The task of bot and gender profiling was one of four shared tasks organised by PAN, which organises a series of scientific events and shared tasks of digital text forensics and stylometry, in its 2019 edition. Participating teams had achieved much success, with the best results for bot detection for English and Spanish tweets at 95.95% and 93.33% respectively.
Marketing
Author profiling is also useful from a marketing viewpoint, as it allows businesses to identify the demographics of people that like or dislike their products based on an analysis of blogs, online product reviews and social media content. This is important since most individuals post their reviews on products anonymously. Author profiling techniques are helpful to business experts in making better informed strategic decisions based on the demographics of their target group. In addition, businesses can target their marketing campaigns at groups of consumers who match the demographics and profile of current customers.Literary Works
Author profiling techniques are used to study traditional media and literature to identify the writing style of various authors as well as their written topics of content.
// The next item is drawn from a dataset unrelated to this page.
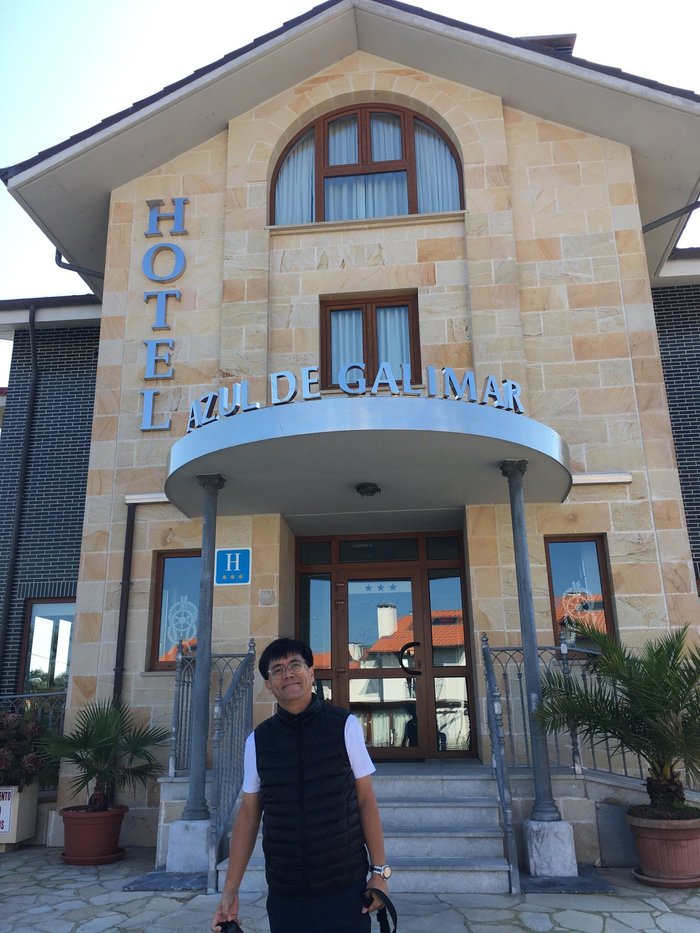Imagen 19 de Hotel Azul de Galimar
Author profiling for literature is also been done to deduce the social networks of authors and their literary influence based on their bibliographic records of co-authorship.Some examples of author profiling studies on literature and traditional media include studies on the following:
- The Bible
- Gospels of the New Testament
- Shakespeare’s works
- The Federalist Papers in the 1990s and 1960s
- Author profiling studies for Lithuanian Literary Texts
Library Cataloguing
In using author profiling for library cataloguing, researchers have utilised machine learning for automatic processes in the library, such as Support Vector Machine algorithms. With the use of SVMs for author profiling, bibliographic records of authors within existing databases may be identified, tracked, and updated to identify an author based on her topics of literary content and expertise as indicated in his or her bibliographic records. In this case, author profiling utilises the social structures of authors that may be derived from physical copies of published media to catalogue library resources.